Philadelphia Pay Per View

I’m feeling a bit like a curmudgeon as I leave Philadelphia’s City Hall without seeing the view of the city from under William Penn’s shoe. Years ago I found this tower by following small signs painted on the floor of the massive 1870s structure that said “to the tower” with a line to follow. “Heck yeah,” I said in 1982 and followed it to a surprise and delight – a rickety elevator with a rickety elevator operator who said “you want to go to the tower? Well, okay.” And, off we went on a harrowing 548 foot high ride to see the city from a chain link cage – a real experience that is now a gift shop ticketed, scheduled, guided tour that costs $10 per person. Turning this oddity into an attraction, sanitized and tailored for tourism has stipped it of its charm and, for me, this turns it into a pass for this trip. Bummer.

We’ve seen this often on our cross country journey – state parks, national parks, and even monuments where you have to pay to see history that “we the people” already own. I know it’s more mature to think of this as paying for maintenance, but in our society of spoon-fed infotainment shouldn’t we encourage visits to places where you can actually learn about real, historic events without a financial disincentive?

Philadelphia still has two such gems: The Liberty Bell and Independence Hall.
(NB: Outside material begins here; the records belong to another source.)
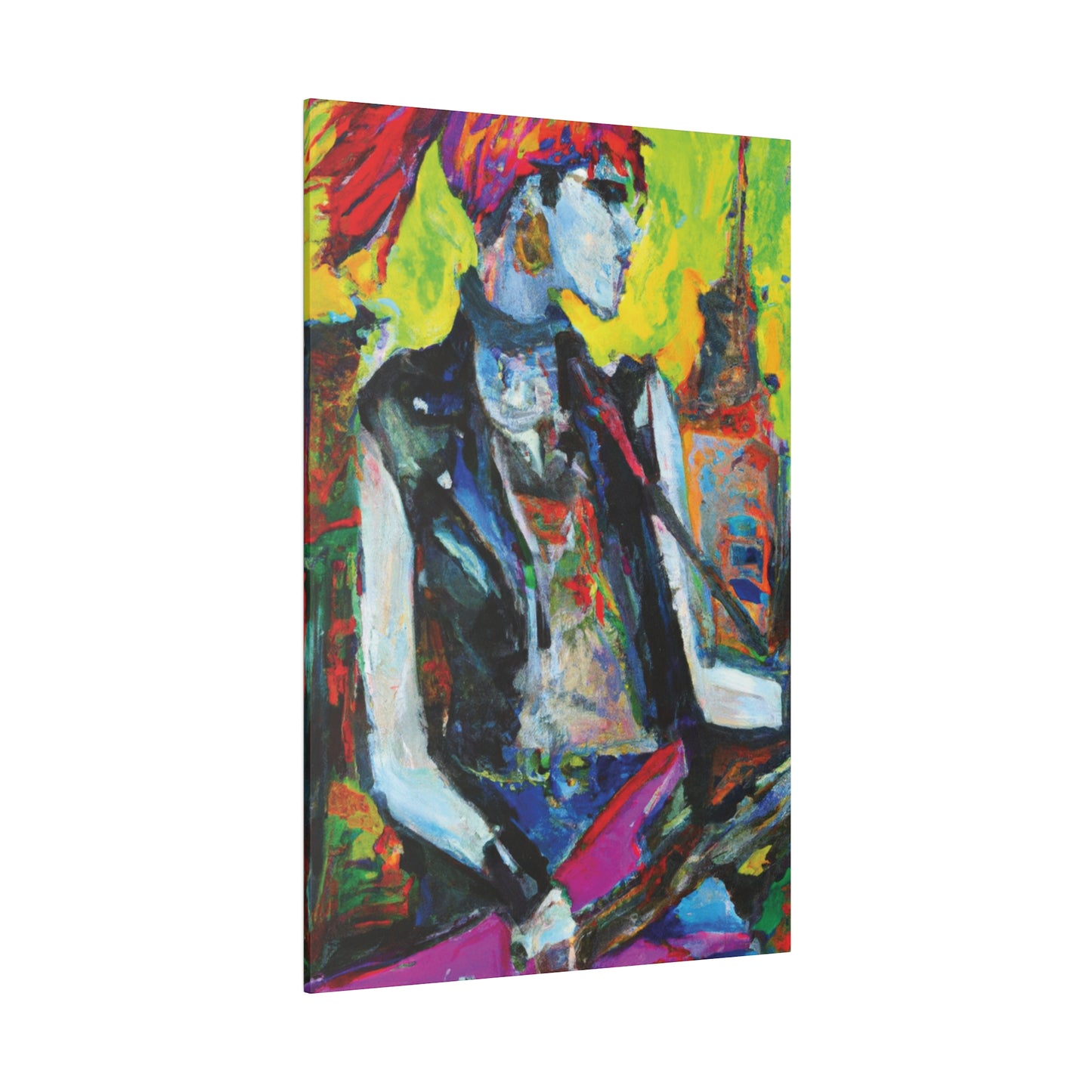 7349W - Rockstar Oil Painting Style Print | Poster | Home Decor | Wall Art | Music Art | Canvas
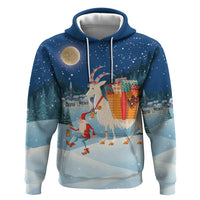 Sweden christmas Hoodie Scandinavian Tomte and Yule Goat Christmas - Wonder Print Shop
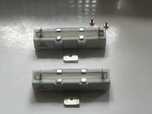 Rezystor cementowy z uchwytem / 40 W –  2 Ω / Vintage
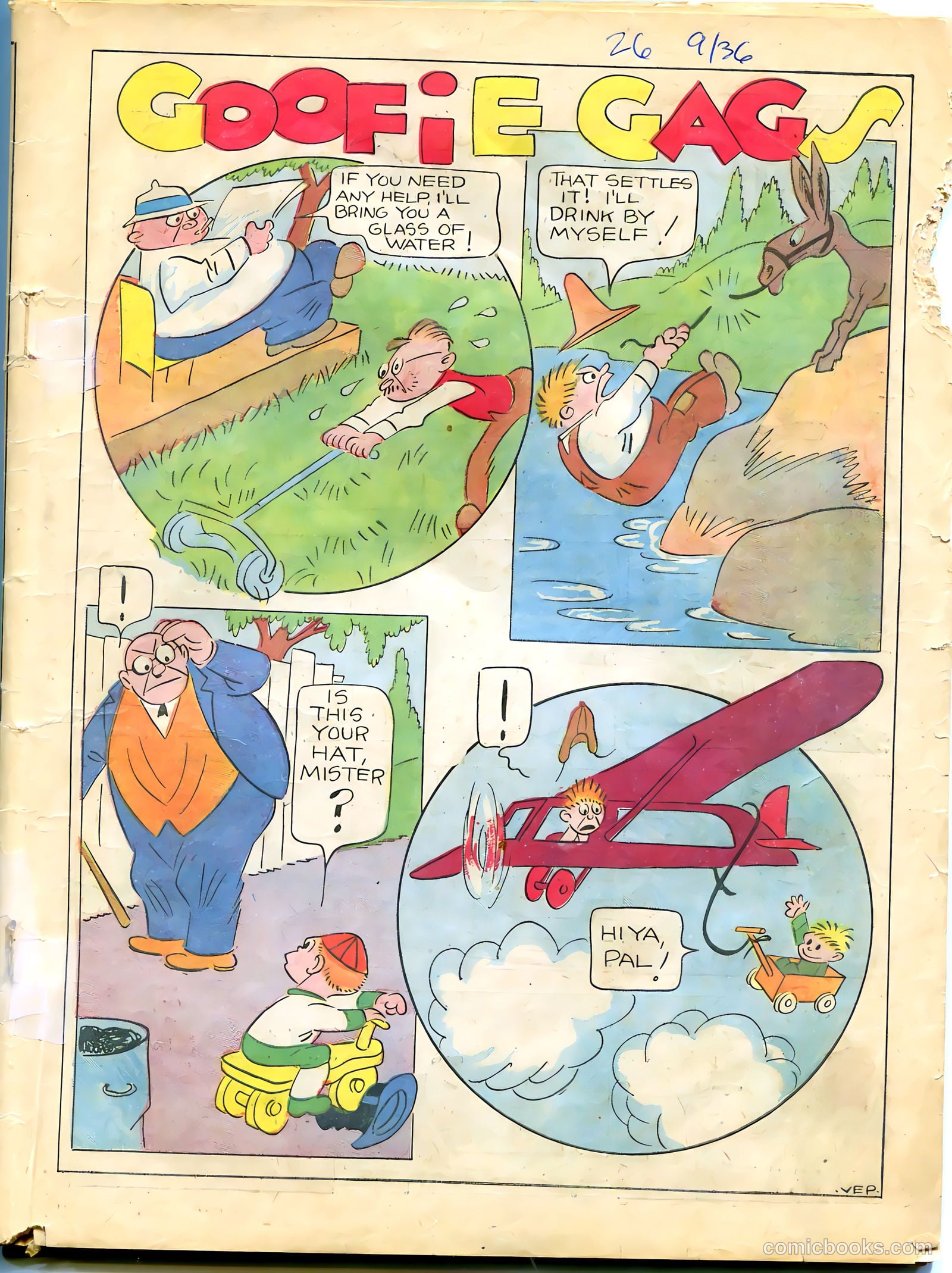 Famous Funnies #26 (1936) — page 4 of 66
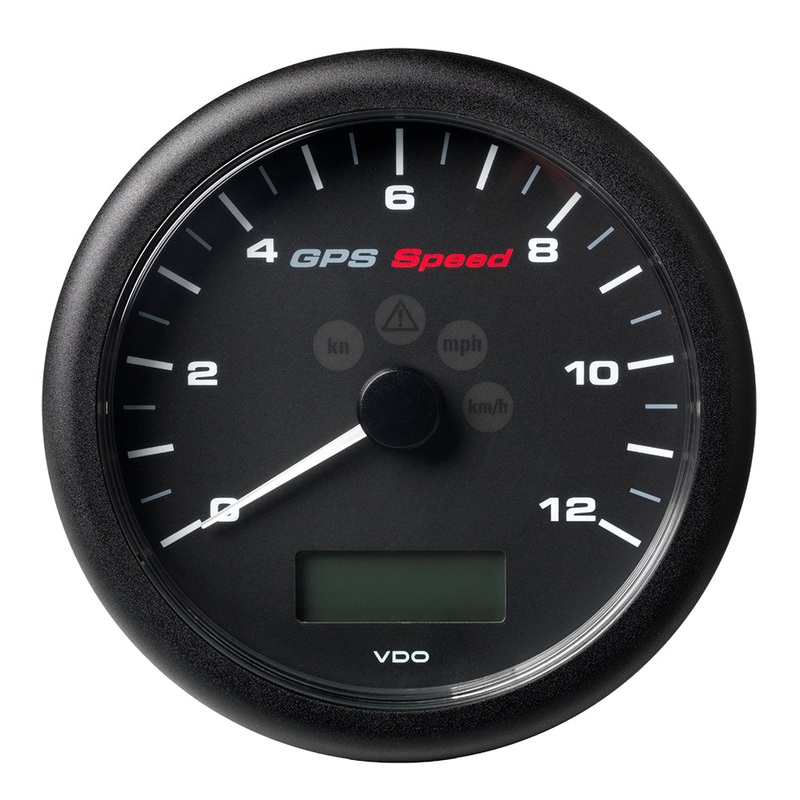 Veratron 4-1/4 (110MM) ViewLine GPS Speedometer 0-12 KNOTS/KMH/MPH – 8 to 16V Black Dial  Bezel [A2C59501987]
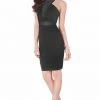 Terani Couture - Sexy Illusion Halter Neck Short Dress 1621H1056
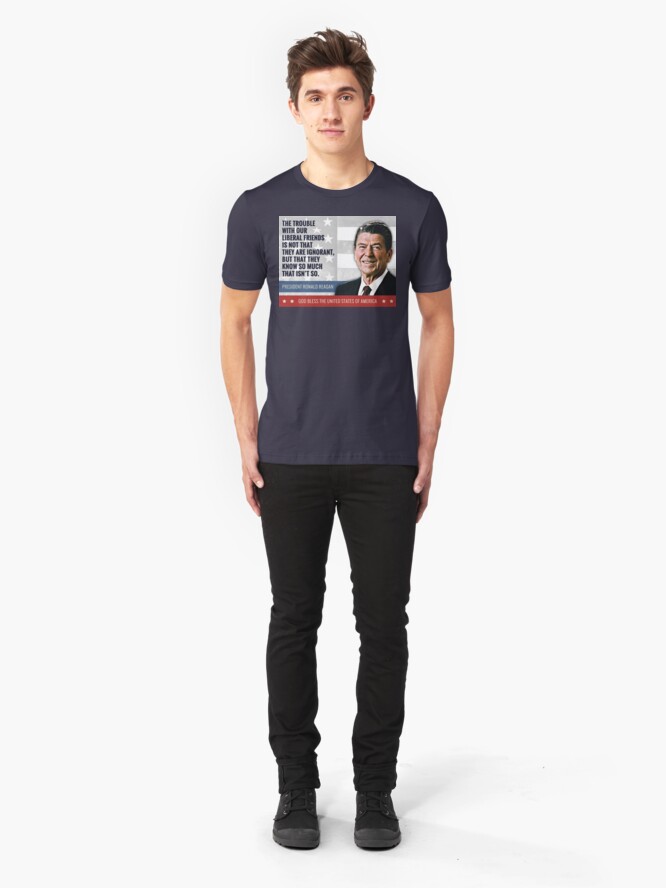 Alternate view of President Ronald Reagan Quote Slim Fit T-Shirt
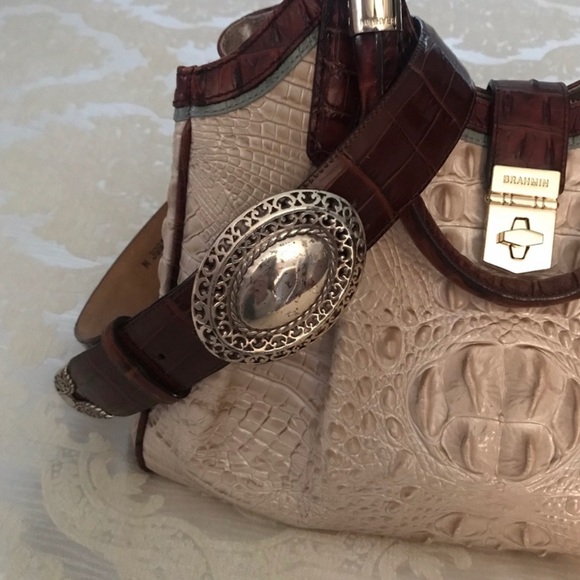 Brighton Brown Croc Leather. Circa 1995 Gently Used - Picture 2 of 7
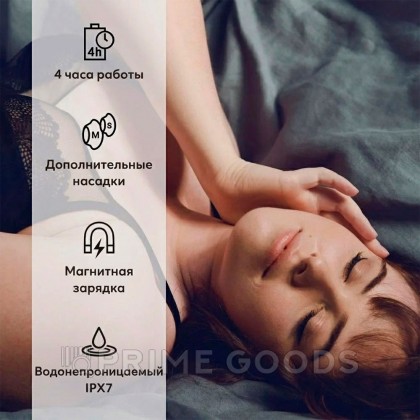 Бесконтактный клиторальный стимулятор Womanizer Premium 2 серый от sex shop primegoods фото 6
The Bell, once the Pennsylvania State House Bell is a man-made marketing hook for the new idea of liberty that our founding fathers were selling. This was a campaign whose success permeates our culture to this day. And, by the way, it does give you a little chill up the spine to see it up close – really, and I’m a skeptic about this type of thing.

Independence Hall is a hallowed place – protected from damage by guards and from ignorance by some of the most knowledgeable and genuinely enthusiastic park service employees in the country. Our guide engaged us in the torrent of this moment in history, peppered his tale with descriptions of the penalties for treason, and linked to our present experience by evoking the film National Treasure set in part in this room. And, that’s no small task because let’s face it, it’s a conference room – desks, chairs, books, pens, etc. A PC projector and some molding is all that separates this room from every conference room you’ve ever seen. That is, until you realize that George Washington sat in that chair while the framers decided there should be an executive branch. Though the cost of our freedom was high, the admission to this tour is no charge. And, that’s Priceless.


helveticabald said...

A very happy 4th to your family, as you appropriately spend it in "The Birthplace of the United States." Found your journey featured in USA Today as well. Very cool!

I'd love to see the picture of the inside of that Honda when you're through with it! Good luck on the home stretch.

Kelley Styring said...

Usually I torture my children with a reading of the Declaration of Independence. It's the price they pay before setting off a few driveway fireworks. This year they got the real deal. And, it was cool, even to them.

Yep, we trashed the car. We turned it in with dirt from every state and a little bird poop to boot. And, the inside was a big mess. We cleaned out the trash, but not before taking photos. I'll post those soon. cheers!